その一方で、ラッキーイメージングを、ワンショットカラーで突き詰めていきたい!と考えるなら、画素数が少ないが感度は高い、ASI385に軍配があがります。
しかし、自分の様にモノクロCMOSカメラで撮った画像にLRGB合成したいのであれば、カラーカメラ側の感度は妥協できる(露光時間を伸ばしても良い≒ラッキーイメージング効果は期待しない)ので、今の、AR0130モノクロ+IMX178カラーは、マッチングが良い組み合わせだと思います。
ZWO社では、ASI385MC-Coolも、ASI178MC-Coolもありますが、どうせ冷やしちゃうなら(長秒露光前提)、組み合わせる望遠鏡にもよりますが、その場合は、ASI178MC-Coolの方が良いのではないかなー・・・
まぁ、どういう望遠鏡と組み合わせるか、どう撮っていきたいか、で、IMX385か、IMX178か、は決まると思います。

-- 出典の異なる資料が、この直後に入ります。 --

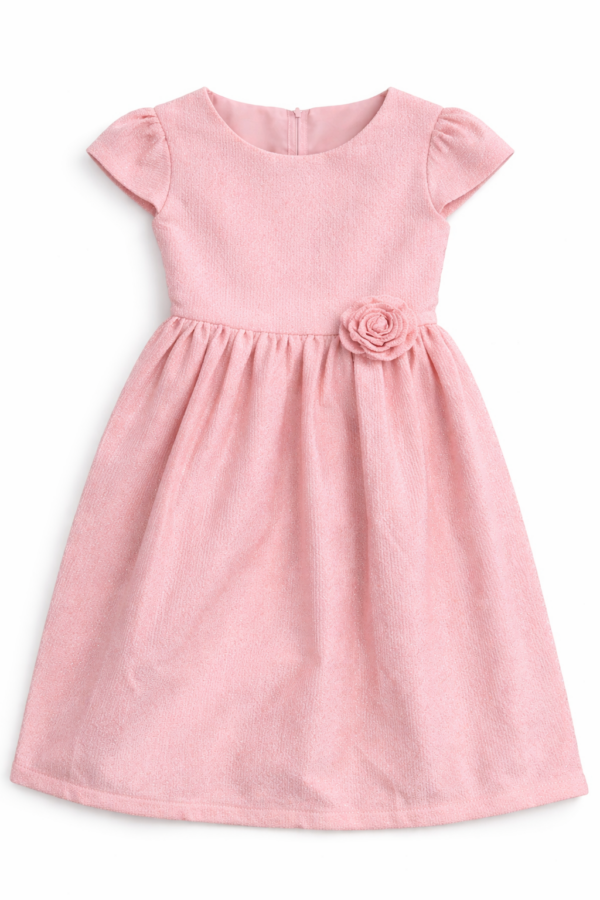 Vestido Elegante Rosado con Lazo y Flor Decorativa para Niña – Talla 12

手記にも書きましたが、IMX178は、画素数が多いので、使い途は多いのは確かです。
感度か、多様性か。
何回も書いていますが、QHY5III178Cは、単騎でも、フォトコンテストを勝ち抜けるだけの性能があるカメラですし、
応用性も高い、いいカメラだと思っています。
撮影の幅を、可能性を、広げてくれると感じています。
欠点というか、自分の技術が足りてないのでしょうが、、、色調については、どうにも単調になりがちかなぁ・・
CMOS掲示板のYAMASHITAさんは、NGC2022も綺麗に色表現されてらっしゃいましたので、自分の撮影方法や画像処理が合ってないのかもしれません・・・
OⅢが見事に、青緑にしかならないんですよねぇ・・。いや、まぁ、それが正解だとは思うのですが・・・。
もう少し、上手く色を引き出せるノウハウは得たいところです。
手記にも書きましたが、15年前。当時、2大彗星など、撮影にご一緒し、この土地を紹介してくれた、遠天のS男さん。もちろん、不動産屋さんを介して、ですが、いいご紹介をして頂いて、とても感謝しています。
また、頑強な星見丸を作ってくれたミュートンさんにも感謝です。
恐らく、2Fベランダでセッティングしていても、振動は星見丸には伝わらない感触があります。
今後、実戦レベルでチェックしていこうと思いますが・・。撮影の幅が大きく広がりますし、これまでの撮影で、デジタル一眼カメラによる作品でも
冷却CCDカメラの撮影でも、問題なく、実績を残すことが出来ました。
木造2F建てですから、振動を心配し、CMOSカメラによる作品作りに傾倒してきたのですが、どうやら杞憂だったようです。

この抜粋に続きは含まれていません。